No, I didn’t say that.
I said the network will deprecate the prefix if it has information to do. I.e. send a PIO with preferred lifetime = 0.
And that the network will respond with a type 5 destination unreachable, if an invalid source address is used. See BCP38.


> 
> Besides,
> 
> * You are assuming somebody will send an ICMPs. But they may not.

Is it interesting discussion assumptions that aren’t part of the specifications?

> 
> * You are assuming that if they do, they will send code 5. But they may not.

See above.

> 
> * You are assuming that code 5 is an indication of wrong address... but
> it may be an indication of incorrect route.

No.

> 
> * You are assuming that nodes will process icmp code 5 in one specific
> way. I don't know of any implementation that behaves in the way you
> describe.

Hosts can improve.
My point was that it isn’t obivous that very much more can be done from the network side.
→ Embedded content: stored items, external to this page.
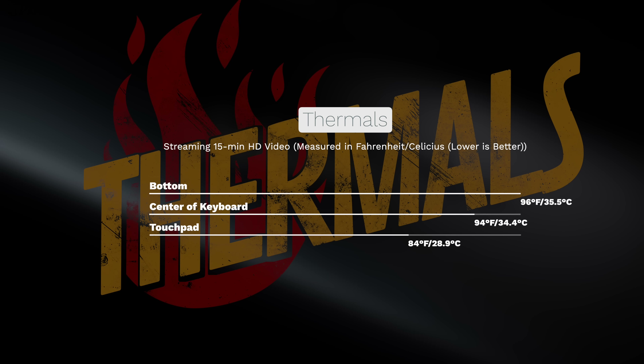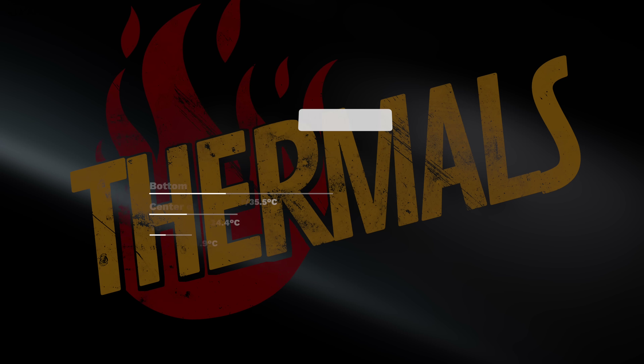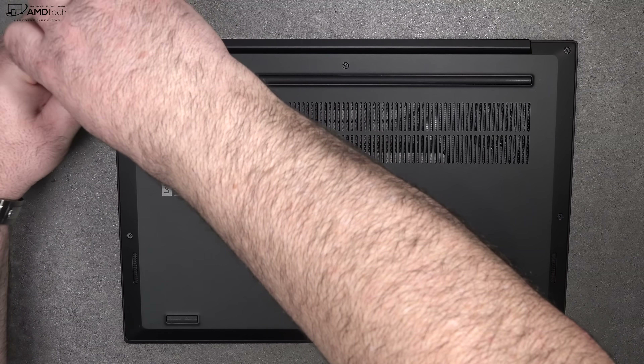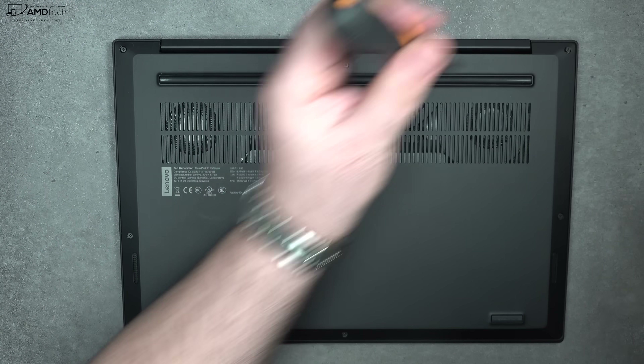Keep in mind my review unit has the Core i7, which does better thermally than the Core i9. I recently looked at the Dell XPS 15 with the Core i9 and that ran hotter. I do have the X1 Extreme Gen 2 with an OLED display and Core i9 on its way from Lenovo, so I'll be able to compare the two. But as far as thermals with the Core i7 are concerned, not bad.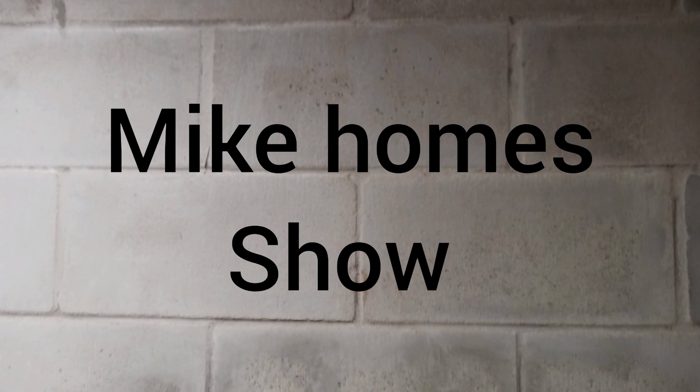Hello, welcome to Mike Homies. This is the first episode, and we hope you enjoy it. This guy doesn't know what he's talking about, but I think you're going to love him anyway, because he's a good guy — he's just a family guy, and he's really an amazing guy.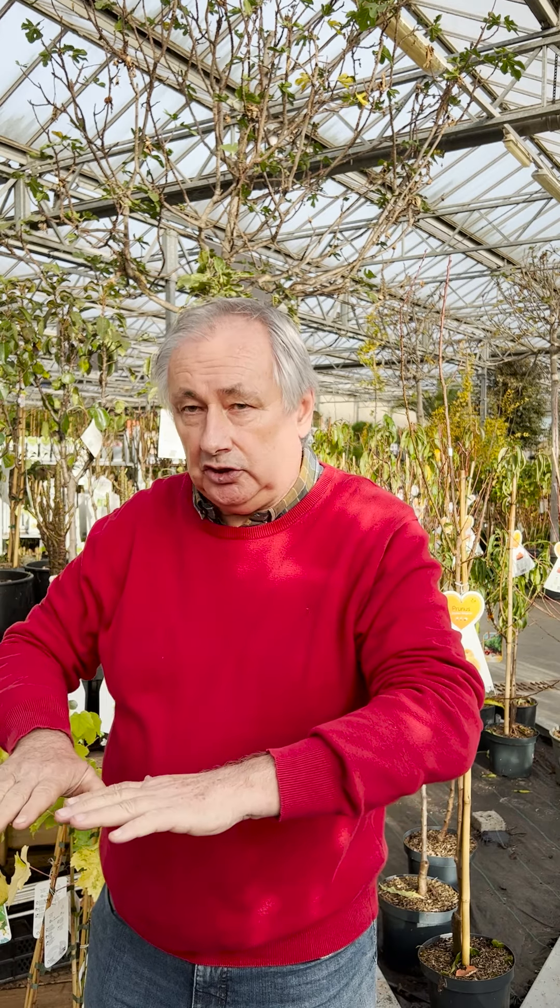Make sure that the first roots are only 2-3 cm under the ground. Then fill it up with the soil that came out of the hole, mixed with plant humus — good and well mixed — and then fill up the hole. Once planted, give it a very good watering.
>>>> Without getting into the multi-homing discussion and requiring hosts to “throw spaghetti on the wall”, I don’t see how your draft improves on that. 
>>> 
>>> Not sure what you mean. If the same router that advertised those
>>> prefixes doesn't advertise those prefixes anymore, why would you think
>>> they are still valid?
>> 
>> Because that’s what the network previously advertised. 
>> If source addresses from that prefix no longer works that’s a good hint to the host to try something else. There’s a list of heuristics the host must use. 
>> 
>> I still don’t see how your draft improves much on this. Can you explain?
> 
> What our document wants to address is this:
> 
> * Initially, unprefer addresses for the deprecated prefix.
> 
> * subsequently, clean up the lagging addresses.
> 
> 
> One (more complex) way to achive this would be to e.g., wait for N *
> ROUTE_ADV_INTERVAL (I've just made up the parameter name), and if at
> least M RAs with PIOs have been received, but none of them contain PIOs
> for the (now invalid) prefix, deprecate the prefix.
> 
> The solution we currently propose in the I-D is simpler, and just
> involves one additional bit per prefix in the local data structures.
> 
> For a sample scenario, please check Appendix B of our draft. THe idea is
> simple: if two consecutive RAs with PIOs don't contain the
> previously-advertised prefix, un-prefer addresses for such prefix.
> Subsequently, once addresses have already been un-preferred, if you
> receive two additional RAs with PIOs that don't advertise the
> previously-advertised prefix, remove (invalidate) the corresponding
> addresses.
> 
> So, after two RAs, the lagging addresses are not preferred anymore.
> After four RAs, you get rid of them.

So the proposal is that an address is marked as not preferred after anywhere between 6 and 20 minutes?

I am not saying that we can’t and shouldn’t improve on SLAAC… but I think we can do better. And existing heuristics are better than this.

Cheers,
Ole